You point a class to the path to your file and call some fairly trivial methods.
Example:
import aismmfile;
auto mmf = new AISMmFile ("some_ais_data.aismm");
// Print all the MMSIs in the file
mmf.mmsis.each!writeln;
// Print all the VesselPosReports for the first mmsi
auto mm1 = mmf.mmsis.front;
mmf.mmsi(mm1).each!writeln;
// Check whether an MMSI exists in the file
writeln (mmf.exists_mmsi (123));
Stored data:
Track data is stored as a time-ordered array of Vessel Position Reports:
struct VesselPosReport {
double lat, lon;
int mmsi, timestamp;
float cog, sog;
}
Key methods:
AISMmFile exposes the following methods:
this(string filepath)
- Ctr, give the path to the file you want to read intoRange mmsis()
- returns a range of integers, being the MMSIs present in the file, in ascending orderbool exists_mmsi(int mmsi)
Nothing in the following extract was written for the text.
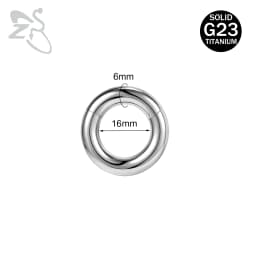 ZS 1PC G23 Titanium Hoop Earring for Women Silver Plated Circle Earring Large Gauge Seputm Nose Ring 2/4/6/8/10/12G Punk Earring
- is the given mmsi present in the fileRange mmsi(int mmsi)
- returns an range of all VesselPosReports for the given mmsi, ordered timestamp-ascending
We supply a set of command line utilities for working with aismmfiles.
The easieset way to build these is by calling make
in the project directory;
they appear in .bin/
.
aismmfile_ls
Prints a CSV to stdout showing the MMSIs present in the file, and the number of VesselPosReports it contains for each MMSI. Ordered by MMSI ascending. Includes header row "mmsi,vessposrep_count".
USAGE:
aismmfile_ls FILE
aismmfile_cat
Combines one or more aismmfiles into a single aismmfile. Name the files you want to read as arguments. Writes the output data to stdout. Doesn't change the input files.
USAGE:
aismmfile_cat FILE1 FILE2 FILE3 > OUTFILE
aisndjson_to_aismmfile
Converts a newline-delimited JSON file into an aismmfile file. Ignores any JSON objects that can't be converted into a VesselPosReport (i.e. don't have the right keys). The required keys are: <lat, lon, mmsi, timestamp, cog, sog>.
USAGE:
aisndjson_to_aismmfile < NDJFILE > MMFILE
We use a very simple binary format for the files, with a header and a body.
The header starts with an 8 byte count of the number of MMSIs stored in the file. Following this is an array of 16-byte structs (8 byte aligned), one for each MMSI, stating where in the body the VesselPosReport objects for each MMSI are located. These structs are ordered by MMSI ascending.
This specific struct is:
struct VPRsLoc {
int mmsi; // The MMSI we're talking about
int offset; // How far into the file's VPRs does the mmsi's span begin?
int length; // How many VPRs does this MMSI have
private int _padding;
}
The body contains one array of VesselPosReport structs for each MMSI, each of which structs is 32 bytes long and 8 byte aligned. VPRs inside each array are ordered by timestamp ascending. The arrays themselves are ordered by MMSI ascending.
See 'Stored data' above for the VPR struct definition.
Don't move aismmfile's between machines with different endianness. If you don't know what that means, it does't affect you.
Project is Copyright (c) 2017 Inkblot Software Limited.
Licensed under the Mozilla Public License v2.0.
This means you can link this library into your own projects BSD-style, but you can't remove code from files within this project and use it within your own files without opening up your project.